Content starts
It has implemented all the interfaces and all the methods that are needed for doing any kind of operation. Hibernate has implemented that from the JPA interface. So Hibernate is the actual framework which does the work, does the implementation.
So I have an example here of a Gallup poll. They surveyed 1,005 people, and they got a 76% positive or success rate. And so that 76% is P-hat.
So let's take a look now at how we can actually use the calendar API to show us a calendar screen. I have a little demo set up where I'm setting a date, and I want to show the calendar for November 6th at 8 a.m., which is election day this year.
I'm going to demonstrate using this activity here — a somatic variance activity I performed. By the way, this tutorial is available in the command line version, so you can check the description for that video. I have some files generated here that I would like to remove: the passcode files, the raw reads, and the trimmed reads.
Content ends
Content starts
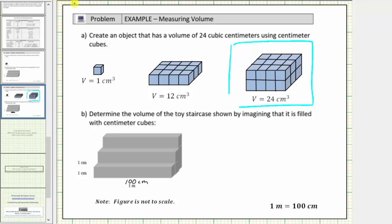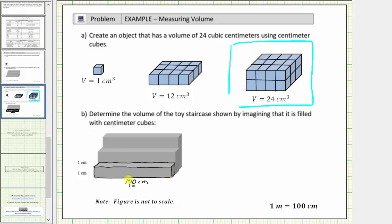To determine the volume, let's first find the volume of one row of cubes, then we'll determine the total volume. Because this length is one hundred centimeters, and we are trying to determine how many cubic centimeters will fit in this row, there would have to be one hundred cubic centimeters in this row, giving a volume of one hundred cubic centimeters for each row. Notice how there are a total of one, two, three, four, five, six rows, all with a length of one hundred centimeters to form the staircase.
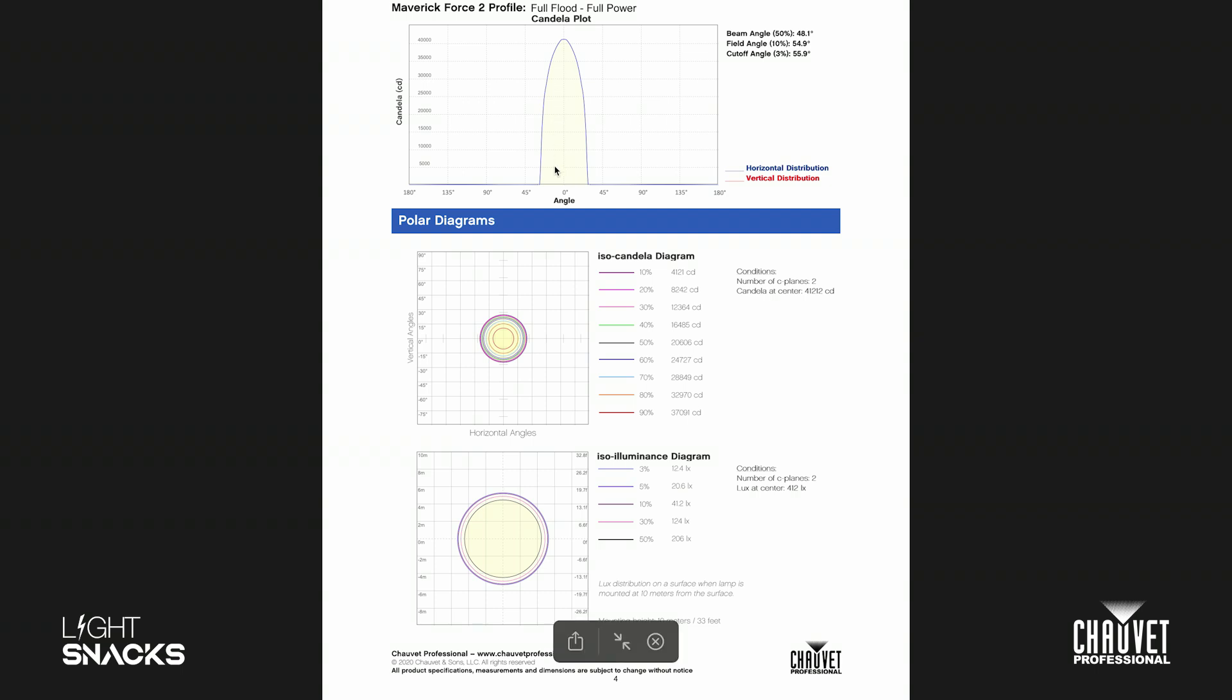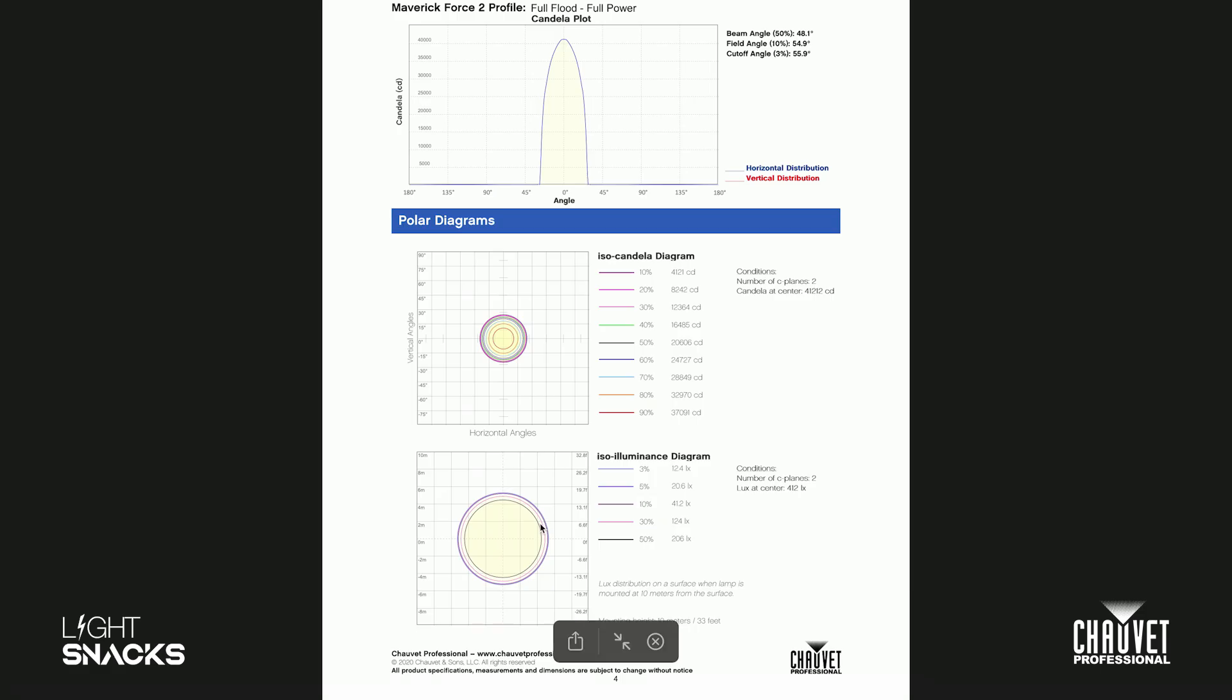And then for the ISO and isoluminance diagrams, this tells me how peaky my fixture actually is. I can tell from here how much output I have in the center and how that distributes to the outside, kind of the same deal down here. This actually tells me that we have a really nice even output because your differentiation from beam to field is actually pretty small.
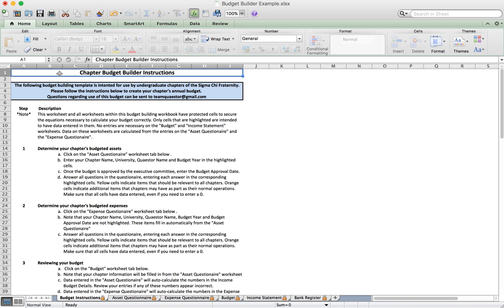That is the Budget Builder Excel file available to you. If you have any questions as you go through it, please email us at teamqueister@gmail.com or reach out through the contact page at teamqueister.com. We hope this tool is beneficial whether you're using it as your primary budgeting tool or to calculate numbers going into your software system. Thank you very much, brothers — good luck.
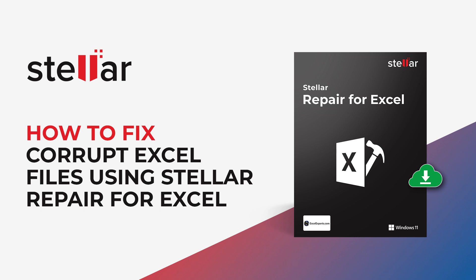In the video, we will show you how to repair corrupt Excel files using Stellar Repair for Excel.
Content ends
• What to work on: Although the records hold pictures, the copy must not; give again exactly the lines from the one with "And then for" through the one with "In the video, we".

• Exercise response:
And then for the ISO and isoluminance diagrams, this tells me how peaky my fixture actually is. I can tell from here how much output I have in the center and how that distributes to the outside, kind of the same deal down here. This actually tells me that we have a really nice even output because your differentiation from beam to field is actually pretty small.
That is the Budget Builder Excel file available to you. If you have any questions as you go through it, please email us at teamqueister@gmail.com or reach out through the contact page at teamqueister.com. We hope this tool is beneficial whether you're using it as your primary budgeting tool or to calculate numbers going into your software system. Thank you very much, brothers — good luck.
In the video, we will show you how to repair corrupt Excel files using Stellar Repair for Excel.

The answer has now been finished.